Twisted Boundary Conditions for a CouplingMPOModel

[bart]

I would like to plot spectral flow plots similar to Fig.2.b)/d) of this paper https://arxiv.org/abs/1407.6985

Fig2.png (93.16 KiB) Viewed 6503 times

Quote about implementation of Fig.2.b)/d) from the paper:

The flux \(\Phi_y\) threading through the cylinder is implemented in the MPO Hamiltonian by twisting the boundary conditions such that the electrons pick up a phase \(e^{\mathrm{i}\Phi_y}\) when circling around the cylinder.

Since I am using the FermionicHubbardModel(CouplingMPOModel), I was wondering about the best practice for implementing twisted boundary conditions like this in TeNPy.

I can't seem to find anything about boundary conditions around the circumference of a cylinder in the TeNPy source code, apart from...

-- bc_shift from lattice.py
-- bc_coupling in the CouplingModel class of model.py

...but I don't think that this is what am I after

What is the recommended way to implement twisted boundary conditions with a CouplingMPOModel?

[Leon]

For the paper you cite, an older version of TenPy was used.

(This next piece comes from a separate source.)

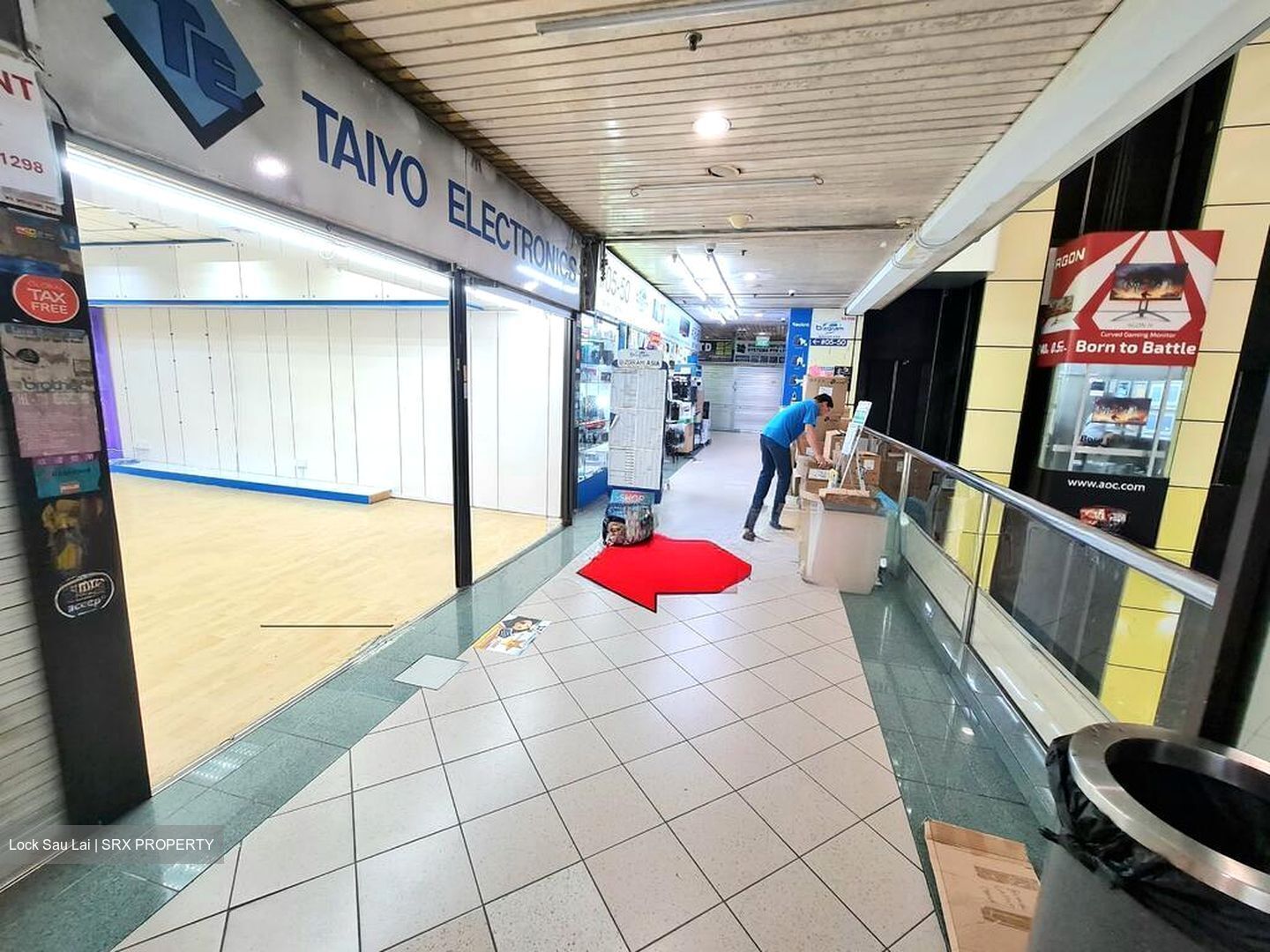 Sim Lim Square (D7), Shop House #499272691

The external flux was implemented by defining an additional phase factor

Code: Select all

np.exp(1j*2*np.pi*phi_ext)

on one hopping term around the cylinder (i.e., collecting all flux on a single bond).

This might still be the way to go in the current TenPy; I am sure Johannes can give some advice.

[Johannes]

Yes, as Leon pointed out, you need to modify the prefactor for the hopping constants, such that an electron picks up a phase when going around the cylinder. This can be done by providing a (numpy) array instead of just a scalar as parameter.

Another very important thing here is to "reuse" the previous results of DMRG runs, in particular the environments.
This requires to explicitly initialize a DMRG Engine instead instead of just calling DMRG.run.
I'm currently working on examples for this and will shortly provide updates

[lww]

I performed charge pumping by gradually adding twisted phase as required and using previously obtained GS as initial state in the next run, and the change ratio of averaged charge was unreasonably larger than expected. How should I do about the environments to get right results? Thanks!

Update: Problem solved.